Another thing that’s not fully handled by STATEMENT based replication is temporary tables. Imagine the following:
- Master: CREATE TEMPORARY TABLE rpltmpbreak (i INT);
- Wait for slave to replicate this statement, then stop and start mysqld (not just STOP/START SLAVE)
- Master: INSERT INTO rpltmpbreak VALUES (1);
- Slave: SHOW SLAVE STATUS \G
If for any reason a slave server shuts down and restarts after the temp table creation, replication will break because the temporary table will no longer exist on the restarted slave server. It’s obvious when you think about it, but nevertheless it’s quite annoying.
A long time ago (early 2007, when I was still working at MySQL AB) I filed a bug report on this. It’s important to realise that back then, row based replication did exist but was so buggy that you wouldn’t recommend it, so the topic was quite relevant. For some reason the bug has remained open for over 6 years until some recent activity.
It is not an issue with determinism and most temporary table constructs are technically regarded as “safe” to replicate via statement based replication, so if you use MIXED you will still find replication broken with the above scenario. Important to realise!
http://dev.mysql.com/doc/refman/5.5/en/replication-features-temptables.html (the obvious place to look) doesn’t really explain this well, but http://dev.mysql.com/doc/refman/5.5/en/replication-rbr-usage.html correctly states that ROW based replication doesn’t suffer from this problem as it replicates the values from the temporary table on the master rather than the statement, thus the slave doesn’t have to deal with the temporary table at all. I’ve suggested that the bug be changed to a documentation issue, updating the page on replication and temporary tables to properly explain the issue and point clearly and explicitly to the solution.
So, why would you ever use STATEMENT or MIXED rather than ROW based replication?
- Well, as I mentioned, earlier row based wasn’t particularly reliable. At that time, for non-deterministic scenarios we recommended mixed as a compromise (that only uses row based information in the replication stream when it’s necessary, and statements the rest of the time). Many issues have been fixed over time and now we can generally say that row based replication is ok in recent versions of MySQL and MariaDB (5.5 or above, just to be sure). So if you’re replicating from an older master, STATEMENT or MIXED might still be preferable, as long as you know that the limitations are.
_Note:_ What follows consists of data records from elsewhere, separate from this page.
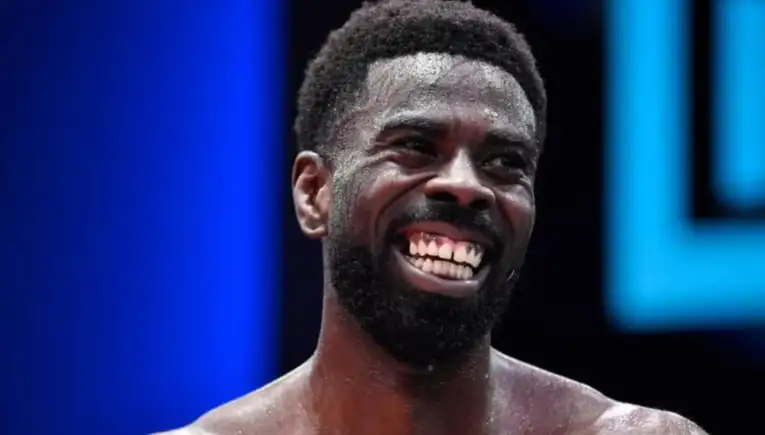 Close-up of a smiling man with a beard, sweat on his face, on a stage with blue lighting in the background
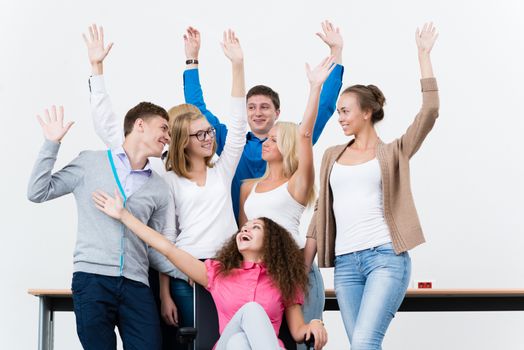 University students in the class raised their hands and having fun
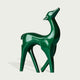 Vibrant Fiberglass Sculpture Christmas Reindeer Pair For Modern Decor. Two decorative deer statues, one red and one green on a light gray background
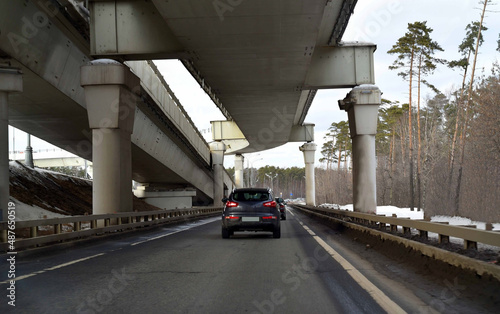 Cars are moving in a traffic jam under a trestle bridge in a forest belt with tall pines.
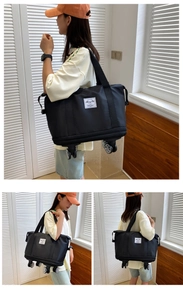 Close-up of a black oxford travel bag with universal wheels and expandable bottom design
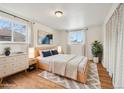 Sunlit bedroom with hardwood floors, modern decor, and two windows for natural light at 10 Merideth Ln, Longmont, CO 80501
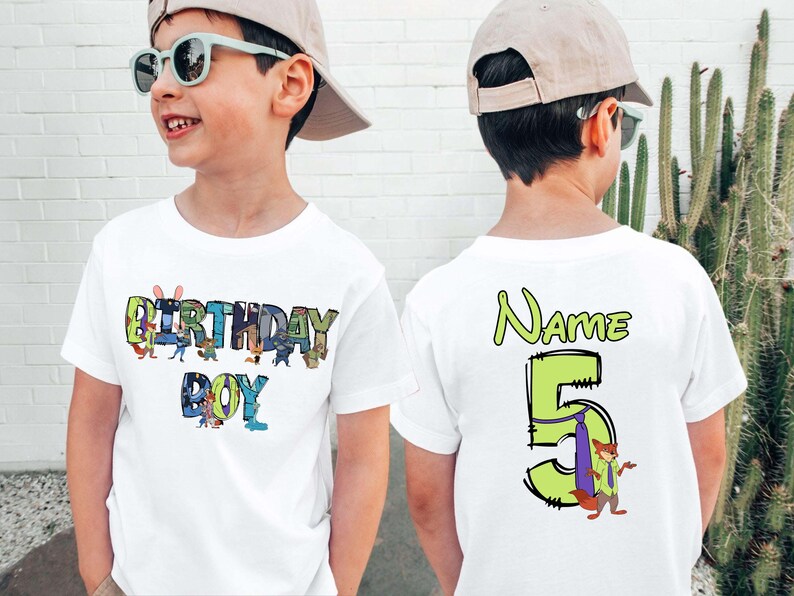 May include: White t-shirt with the words "BIRTHDAY BOY" in colorful letters and cartoon characters. The back of the shirt has the word "Name" and the number "5" with a cartoon fox. A fun birthday shirt.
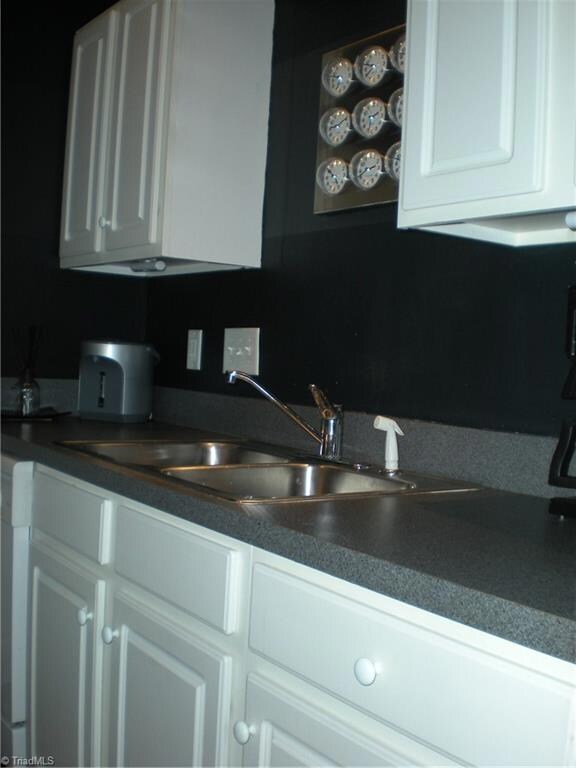 Additional cabinets are the result of a professionally redesigned space.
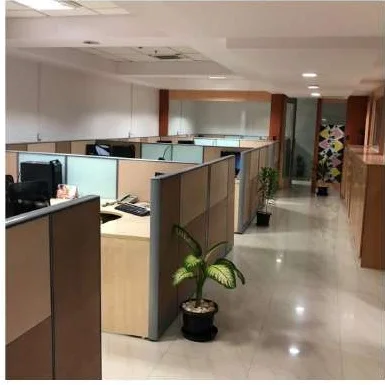KG360 office fit-out Chennai by AlcorOne Solutions — cubicle cluster along corridor with planter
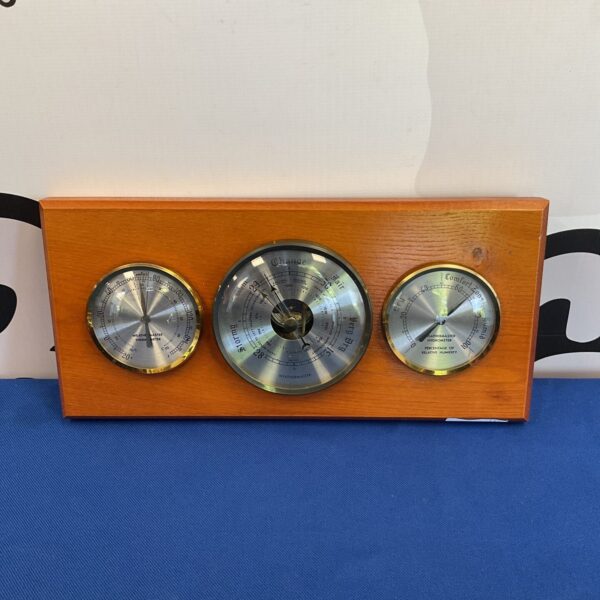 Vintage Weathermaster barometer, thermometer, and hygrometer in wood.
- Non-local replication (outside the datacenter) is vastly more efficient with STATEMENT based replication: if you’re updating 100,000 rows, it’s a single statement whereas it’s a 100,000 row updates. So depending on bandwidth/cost and such, that might also be a relevant.
If none of those considerations apply, ROW based replication might be the way to go now. But the really important thing to realise is that for each of the choices of STATEMENT, MIXED and ROW, there are advantages and consequences.
Do you have any other reasons for using STATEMENT or MIXED in your environment?